All it took was one opportunity, one breach,
and then she was theirs. Kidnapped, confined, alone.
They told her she could go home when their demands were met.
That it wouldn’t take long, because she was the prime minister’s daughter.
But it has been days, and still no help has come.
She wonders when they will tire of this game and kill her.
She cannot wait around for that to happen; she will escape. She has to.
Captive draws us in immediately, a quick flashback to Robyn’s father bleeding on the snow in Paris yanking us into this story before we’re flipped back to the present and the building tensions that lead to Robyn’s kidnapping.

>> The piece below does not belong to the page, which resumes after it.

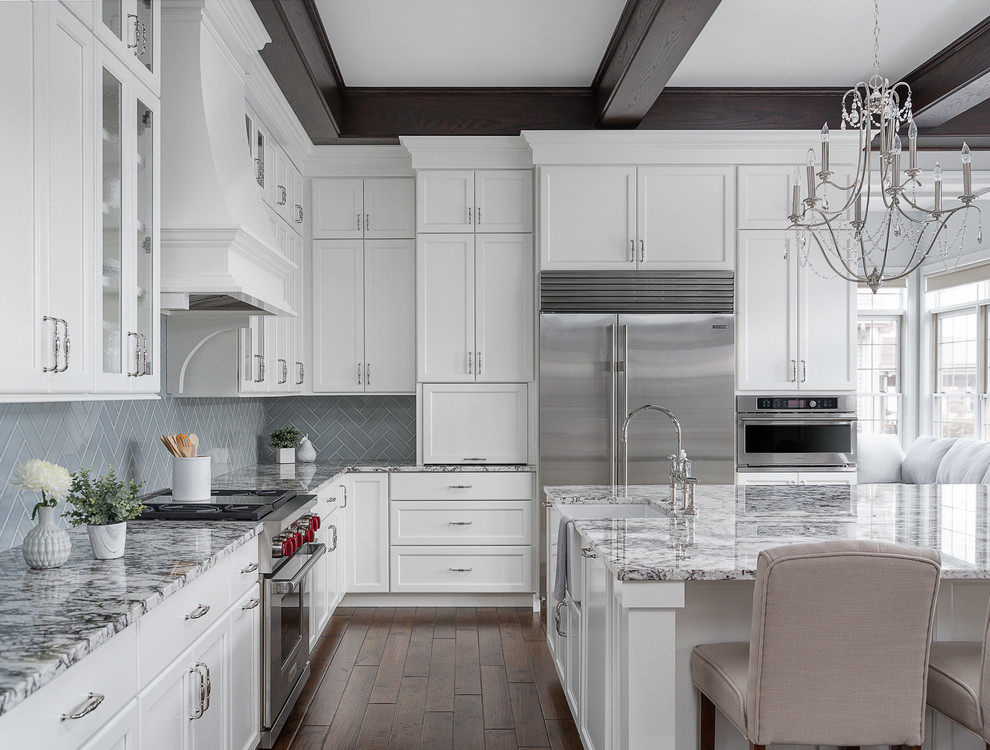 Photo of a large transitional l-shaped eat-in kitchen in Chicago with a farmhouse sink, white cabinets, granite benchtops, porcelain splashback, stainless steel appliances, dark hardwood floors, with island, brown floor and multi-coloured benchtop.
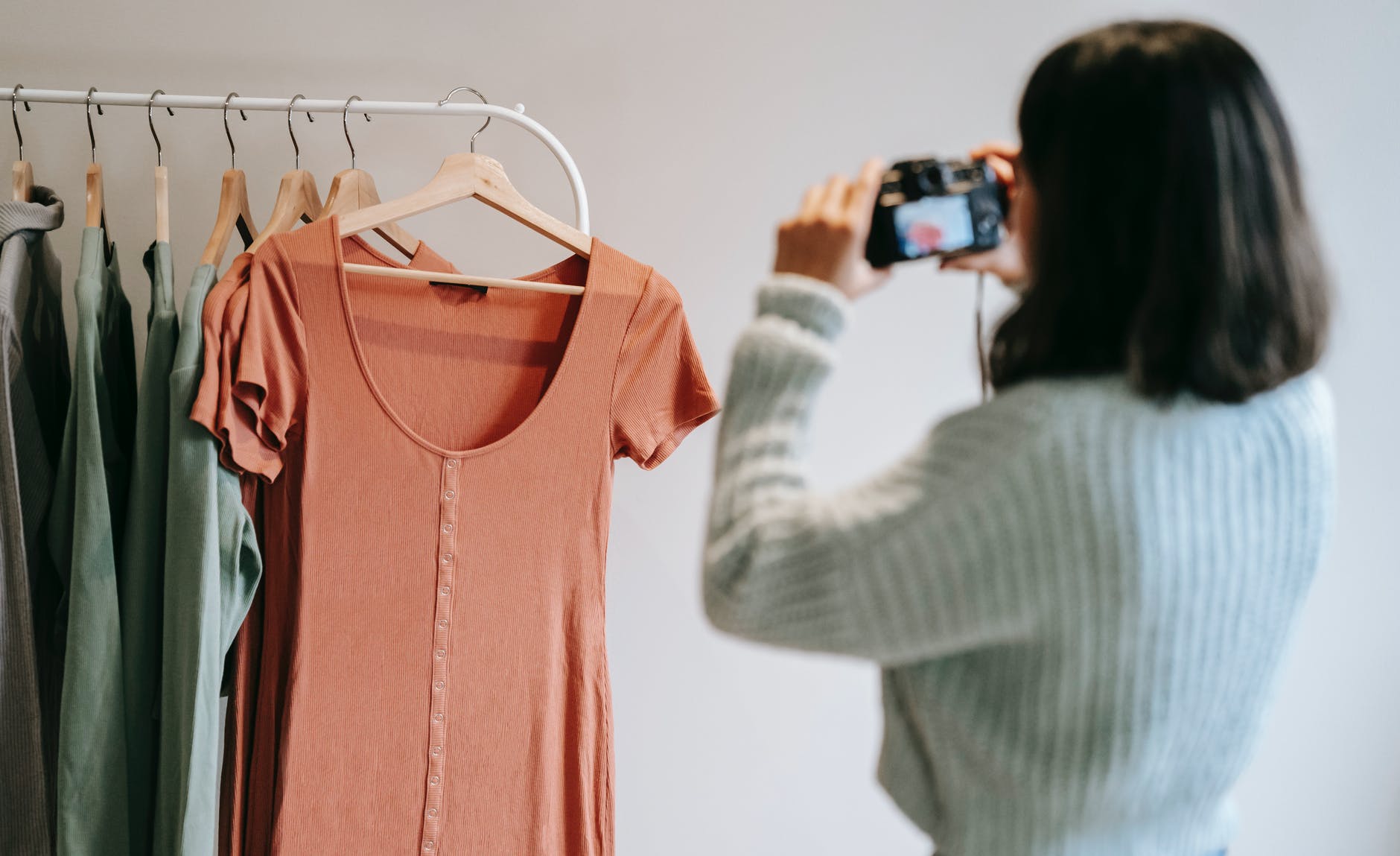 unrecognizable photographer taking photo of clothes on camera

Robyn starts out handling her kidnapping in a way we only hope we ourselves would if we were ever in her shoes, managing to stay sharp and calm as she evaluates both her kidnappers and the environment in which she’s kept. She uses every available opportunity to free herself but doesn’t take unnecessary risks, making survival her number one priority and escape her second. Her time with Scar, Feather and Talon is broken up by flashbacks to her time in Paris with her dad (who’s also the British Prime Minister), connective threads between the two events slowly but surely forming until the whole truth is revealed and Robyn finds herself having to look at her world through entirely new eyes.
While Robyn is strong, smart and beautifully level-headed in the first half of this story, the second half sees a marked slip in believability, the realistic stress and tension of a horrific situation giving way to a more fantastical showdown between Robyn, her kidnappers and those attempting to rescue her. The romance between her and Talon (one of the people holding her hostage) is understandable for the most part–Robyn latching on to the one person who offers her the smallest of kindnesses in a life or death situation–but her affection for him leads her wildly astray in the concluding chapters. Chaos and unlikely scenarios ensue, detracting from the heart-pounding realism of the first half and leaving us wishing this thriller had ended as strongly as it started.
Overall Captive is a lightning-quick and enjoyable read, but the shift in Robyn from a savvy heroine who keeps calm under pressure to a young woman who risks everything for a boy she just met keeps this one from a higher rating.
*I think it does the first half a disservice to split the difference and give an overall rating of 3.5, so I've done separate ratings instead:)
First half: 4/5
Second half: 3/5
This book was sent to me by the publisher free of charge for the purpose of a review.
I received no other compensation and the above is my honest opinion.